Sunday, June 5, 2011

Johnson's walk-off single wins it, but Betances' command lacks again

TRENTON – After spring training this season, plenty of fans were clamoring for Dellin Betances and Manny Banuelos – two of the Yankees’ three “Killer B’s” – to earn spots on the major league roster. Who better to fill the two gaping holes in the rotation, they surmised, than two of the brightest prospects not only in New York’s system, but all of baseball?

With his outing last night – a microcosm of his season’s performance so far – Betances showed exactly why rushing your youngsters to the show can be a recipe for disaster. The towering right-hander walked five in 5 2/3 innings, and left his team with an early three-run deficit.

Still, the team’s theme over the last month or so has been perseverance, and last night’s effort was no exception. The Thunder escaped the hole Betances left them, and put together yet another comeback, a 4-3 win over the New Hampshire Fisher Cats punctuated by Cody Johnson’s walk-off single in the tenth inning in front of 6,519 fans at Waterfront Park.

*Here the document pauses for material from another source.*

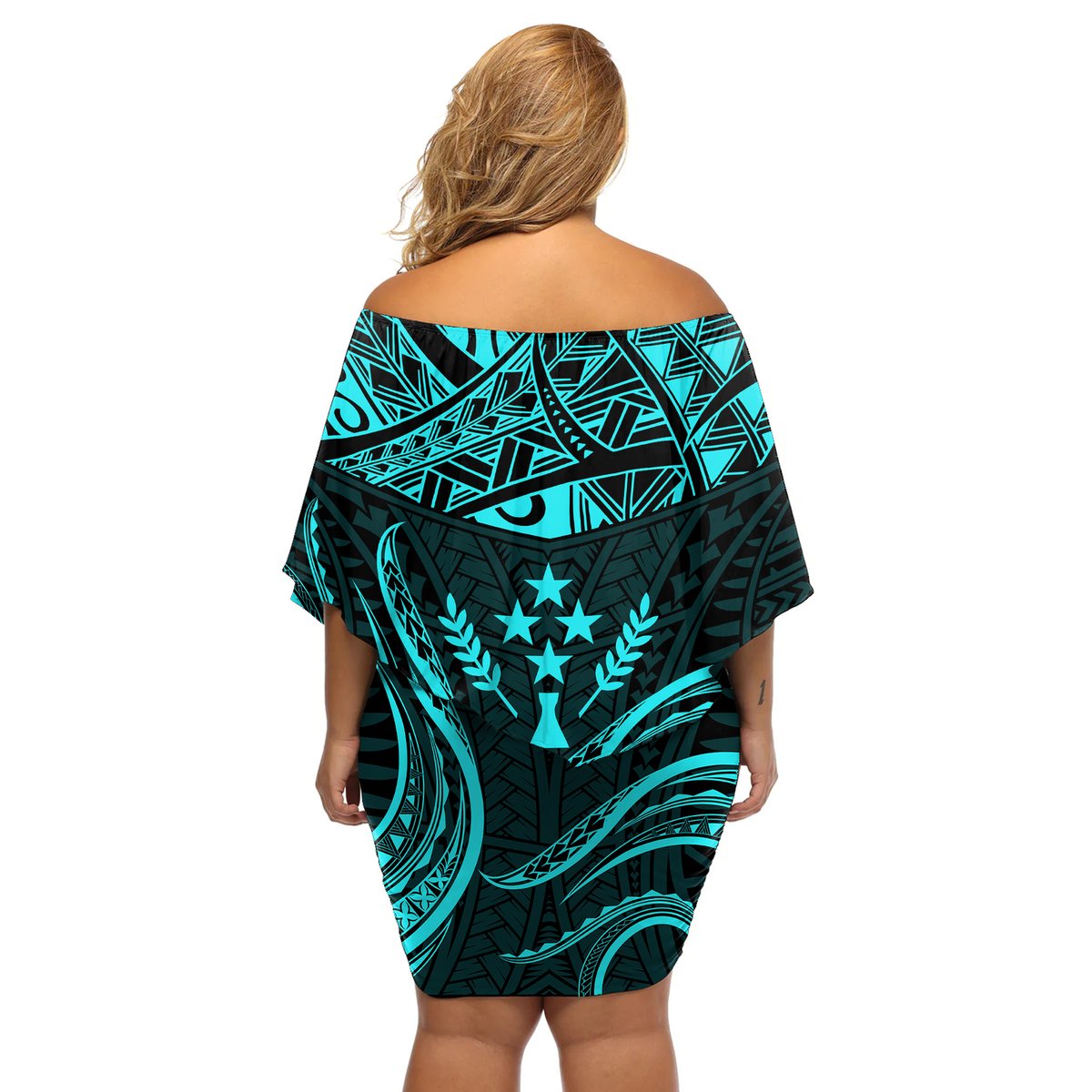 FSM Kosrae States Off Shoulder Short Dress Micronesia Vintage Polynesian Tribal Aqua Version LT9 - Polynesian Pride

The winning rally got its start in one of the least likely ways – a rare misplay from shortstop Adeiny Hechavarria, whose two spectacular plays in the second inning kept the Thunder from scoring.

Still, Ray Kruml’s grounder reached shortstop on a tricky bounce, and Hechavarria was handcuffed. Corban Joseph worked a walk next, and an out later the pair executed a perfect double steal.

“For some reason, I saw an in-between hop coming. Normally he makes that play and he didn’t tonight,” manager Tony Franklin said. “All the talk in the dugout during the course of the game was, every play he makes ‘This guy’s a major league defender right now, there’s no question about it.’”

New Hampshire then chose to intentionally pass Brad Suttle to load the bases for Johnson, who to that point had a single and three strikeouts in four trips. He faced southpaw Frank Gailey this time, and with two strikes flicked his wrists at a slider and lined it over the head of right fielder Moises Sierra, easily plating Kruml with the winning score.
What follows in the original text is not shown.